C’est tout pour les nouveautés concernant la médecine de ville, où les CPTS auront logiquement pour tâche de servir d’interface vis-à-vis des urgences. À noter, l’instauration du tiers-payant pour les gardes libérales sur la partie assurance maladie obligatoire, annoncée lundi dernier. (La ministre garde espoir de trouver un accord avec les médecins libéraux pour étendre le tiers-payant à la part complémentaire.) Autres annonces en date de la semaine dernière : les urgences seront désormais en mesure d’avoir recours au transport sanitaire vers les structures de ville, et la biologie délocalisée fera son apparition dans les cabinets et les maisons de santé.

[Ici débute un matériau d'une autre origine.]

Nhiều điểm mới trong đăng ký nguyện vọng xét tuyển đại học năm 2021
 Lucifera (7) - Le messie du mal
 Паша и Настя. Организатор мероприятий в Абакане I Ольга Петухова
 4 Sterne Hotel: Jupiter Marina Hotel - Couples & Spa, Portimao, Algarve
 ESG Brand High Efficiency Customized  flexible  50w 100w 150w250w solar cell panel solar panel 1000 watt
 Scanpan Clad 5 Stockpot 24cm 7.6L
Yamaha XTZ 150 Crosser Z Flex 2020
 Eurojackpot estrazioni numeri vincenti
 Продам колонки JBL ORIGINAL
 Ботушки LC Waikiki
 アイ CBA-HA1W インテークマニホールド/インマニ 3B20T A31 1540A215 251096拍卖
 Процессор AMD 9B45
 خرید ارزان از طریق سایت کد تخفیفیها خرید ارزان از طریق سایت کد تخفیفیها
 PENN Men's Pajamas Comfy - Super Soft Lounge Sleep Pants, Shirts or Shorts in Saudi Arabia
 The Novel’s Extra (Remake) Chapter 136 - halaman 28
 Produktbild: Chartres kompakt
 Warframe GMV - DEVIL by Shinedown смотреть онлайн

"Zéro passage" aux urgences pour les personnes âgées En matière d’organisation des urgences, un des points les plus ambitieux consiste à organiser une admission directe des personnes âgées dans les services, depuis leur domicile ou les Ehpad. D’ici cinq ans, l’objectif est qu’aucune personne âgée de plus de 75 ans ne passe par les urgences, où elles sont bien plus à risque d’événement indésirable. C’est la seconde mesure la plus coûteuse du lot : 175 millions d’euros sont prévus pour aider les hôpitaux à organiser cette filière, qui sera confiée à la charge d’une équipe hospitalière. Des équipes mobiles de gériatrie seront également mises en place pour appuyer les Ehpad et les professionnels libéraux. Du pré-hospitalier paramédical C’est une des mesures destinées à gagner du temps médical d’urgentiste : aux côté des Smur médicalisés sera créée une "offre de transport paramédicalisée". Rien d’autre n’a filtré sur cette petite révolution au sein des transports d’urgence. Des nouveaux métiers au cœur des urgences Des protocoles de coopération seront mis en œuvre afin d’autoriser les infirmiers des urgences à pratiquer des actes techniques : suture de plaies, demande de radiologie anticipée, et techniques d’immobilisation (gypsothérapie). Plusieurs autres protocoles sont prévus d’ici 2019, pour permettre l’orientation des patients vers la ville ou la demande de biologie anticipée. La participation à un protocole donnera lieu au versement d’une prime de 80 euros net par mois. L’annonce avait déjà été faite à Poitiers : l’avenue Duquesne entend par ailleurs créer une filière d’IPA "urgences", afin de faire gagner du temps médical aux urgences. Les missions et compétences de ces nouvelles IPA recoupent les protocoles de coopération susmentionnés, mais celles-ci devraient aussi être en mesure de poser des diagnostics infirmiers sur la base d’arbres de décision définis au préalable avec l’équipe médicale.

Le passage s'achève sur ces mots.